Declutter Your Desk with a General Reference Filing System


First, a confession. I don’t do what I’m about to recommend, at least not anymore. My current job involves zero paperwork, but in my previous, paper-based job, I was able to manage a mountain of paperwork while maintaining a pristinely clean desk. If you’re willing to put in a few hours to set up the general reference filing system I describe, you’ll not only find it easy to keep your desk free of clutter, but you get to the point where seeing extraneous paperwork build up on your desk will feel as unsettling as not showering. Think of clutter management as information hygiene.

Filing Goes Beyond Clerical Work

Few things in life seem as boring as organizing your filing system. If the goal of filing is neatness, I’d agree, but the real objective is something more practical: removing distractions. All the extraneous paper in your visual field may not seem like a distraction right now, but once you remove it, and more importantly, have a place to remove it to, you’ll gradually start to crave the clarity of focus a clean desk reflects. The clean desk doesn’t create that clarity; the organization that leads to the clean desk is what does the trick.

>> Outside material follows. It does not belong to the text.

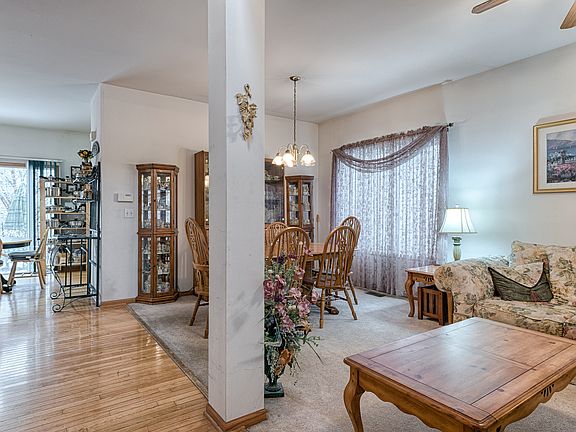 3rd image of 966 Shoreline Dr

There’s a lot of psychobabble surrounding the reasons behind why people have messy desks, but the real reason is much simpler than explanations offered by personal organizing gurus. People are using their desks as to do lists. They keep paperwork on their desks are reminders of what they have to do with it. We want to create a system that makes haphazard reminders unnecessary.

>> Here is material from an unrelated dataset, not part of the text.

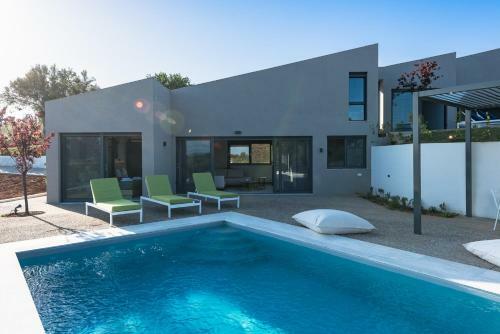 #luxlikehome Theeta Villas Elia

The problem occurs when you’re working on X, and the other paperwork on your desk not related to X is constantly issuing reminders of Y and Z. You have to make a conscious, continual effort to ignore those distractions, but making that effort is, in itself, a distraction. Test this for yourself by shoving all the papers on your desk not directly related to your current task in a drawer, or somewhere else out of sight, and see how much easier it is to focus on the immediate task.

Some papers are obviously trash. Whatever doesn’t go in the wastebasket represents something that requires imminent action, something that requires future action, or something that may be useful at a later date. For many office workers, the desk becomes a way station for anything that’s not trash, and all of that non-trash amalgamates into a single category called “stuff,” which magnifies the sense of workload it represents. Let’s get stuff off our minds.

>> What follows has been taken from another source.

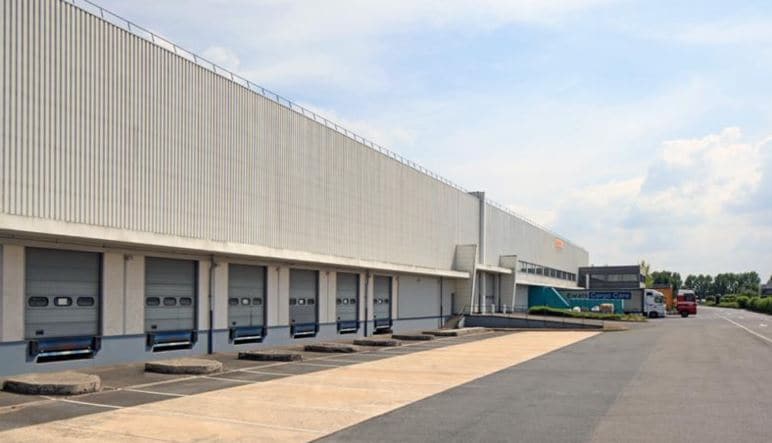 Industrial in Compans for lease - Building Photo - Image 2 of 9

The General Reference Filing System

General reference filing serves a different purpose than conventional filing. Conventional filing involves making files for sets of papers “important” enough to merit labeled folders. Things sit on our desks indefinitely until they escalate to archival status. When paperwork is implicitly used as a to do list, there’s a strong urge to keep it in sight to keep it in mind, creating an equally strong resistance to filing it away.

General reference filing involves deciding if action is required on each piece of paper, and if so, putting it on an actual to do list or calendar. Once we extract that action, the resistance to filing the paper that represented it diminishes, since it’s no longer an action reminder. We give ourselves permission to let it go.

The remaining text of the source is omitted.